*** EXERCISE INPUT ***

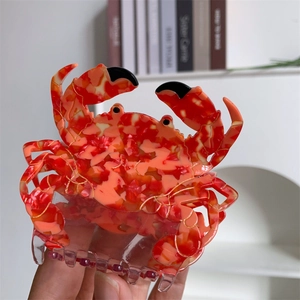 Vue détaillée d'une grande pince à cheveux crabe avec motifs en acétate marbré rouge et orange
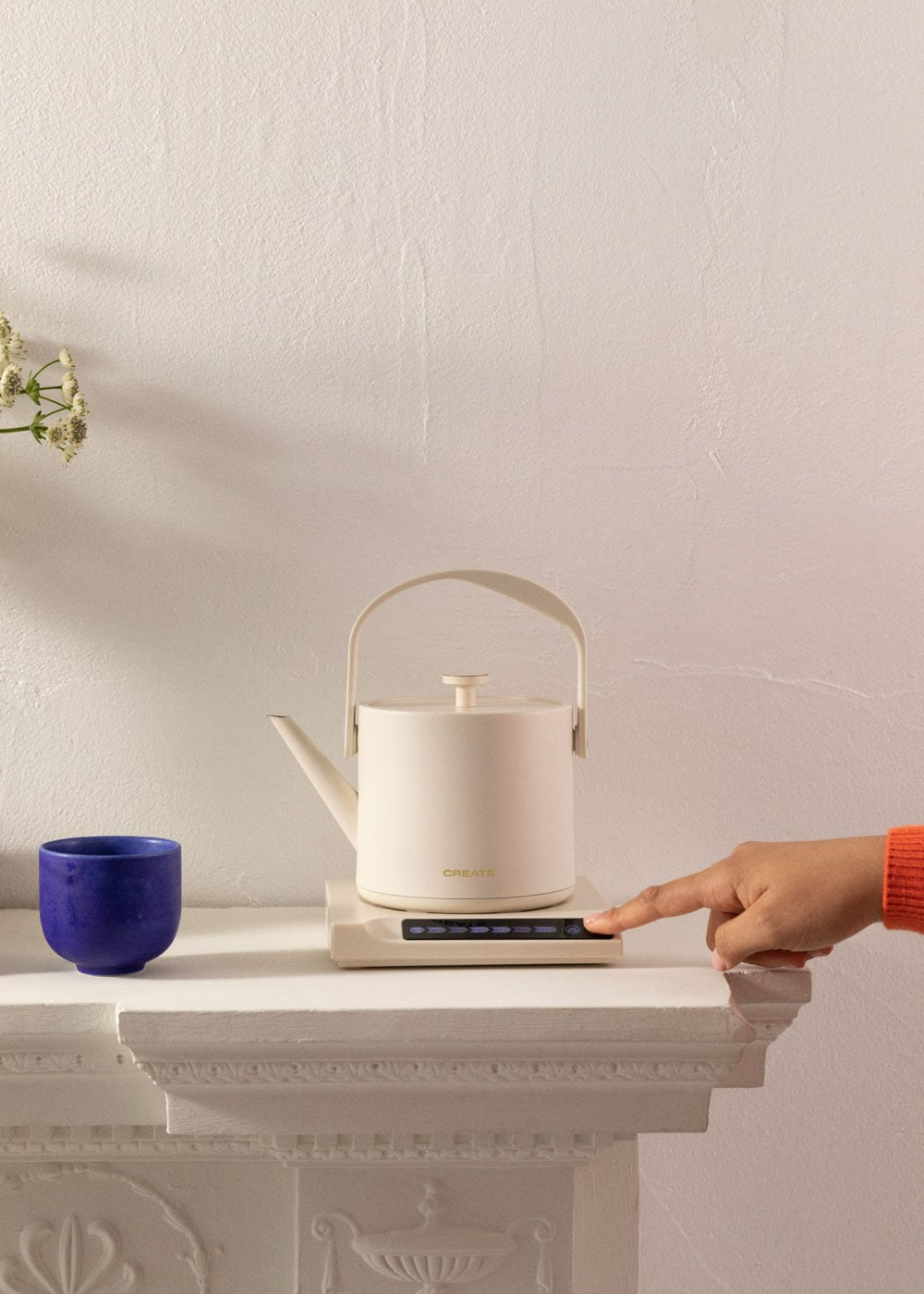 Una mano presiona un botón en la base de un hervidor beige con una taza azul cerca.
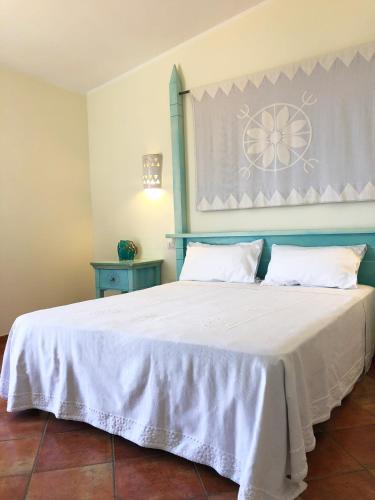 a bedroom with a large white bed with two pillows at LH Pedraladda Resort in Castelsardo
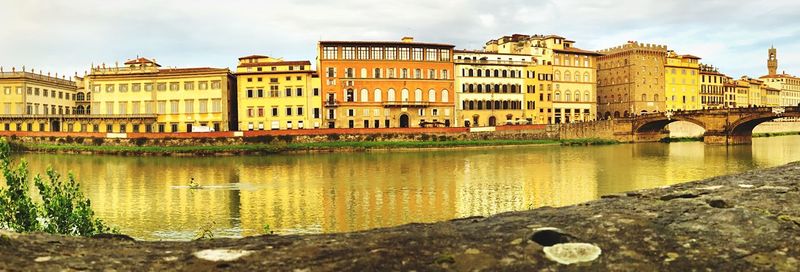 Bridge over river against buildings in city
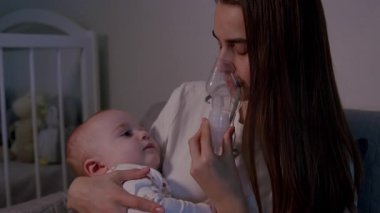 Bir anne sevgi dolu bir şekilde bebeğine solunum tedavisi uygular, besleyici atmosferi ve duygusal bağlantıyı vurgular, kamera yakınlaşır ve anı yakalar.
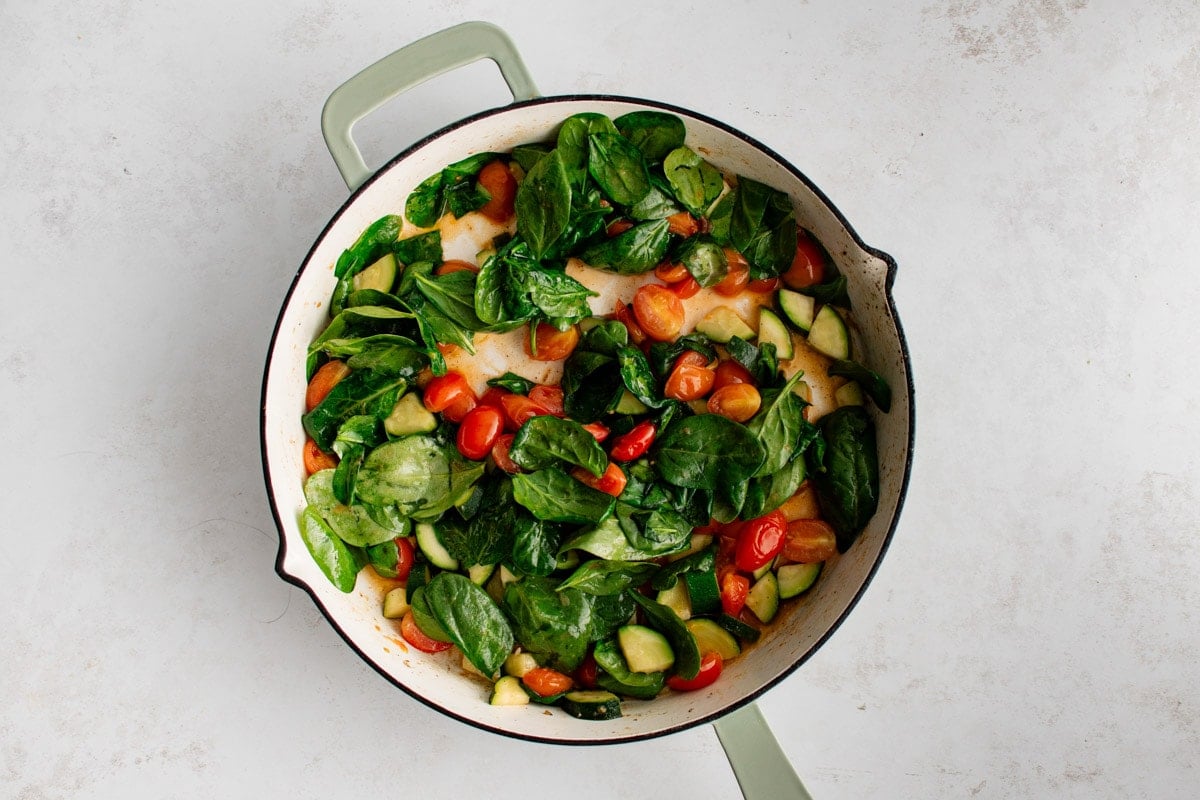 Spinach with sliced tomatoes and zucchini in a skillet.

*** End of EXERCISE INPUT ***

- WHAT IS REQUIRED -
Set down the material exactly as given, but print none of the pictures.

- SOLUTION TO THE PROBLEM -
 Vue détaillée d'une grande pince à cheveux crabe avec motifs en acétate marbré rouge et orange
 Una mano presiona un botón en la base de un hervidor beige con una taza azul cerca.
 a bedroom with a large white bed with two pillows at LH Pedraladda Resort in Castelsardo
 Bridge over river against buildings in city
 Bir anne sevgi dolu bir şekilde bebeğine solunum tedavisi uygular, besleyici atmosferi ve duygusal bağlantıyı vurgular, kamera yakınlaşır ve anı yakalar.
 Spinach with sliced tomatoes and zucchini in a skillet.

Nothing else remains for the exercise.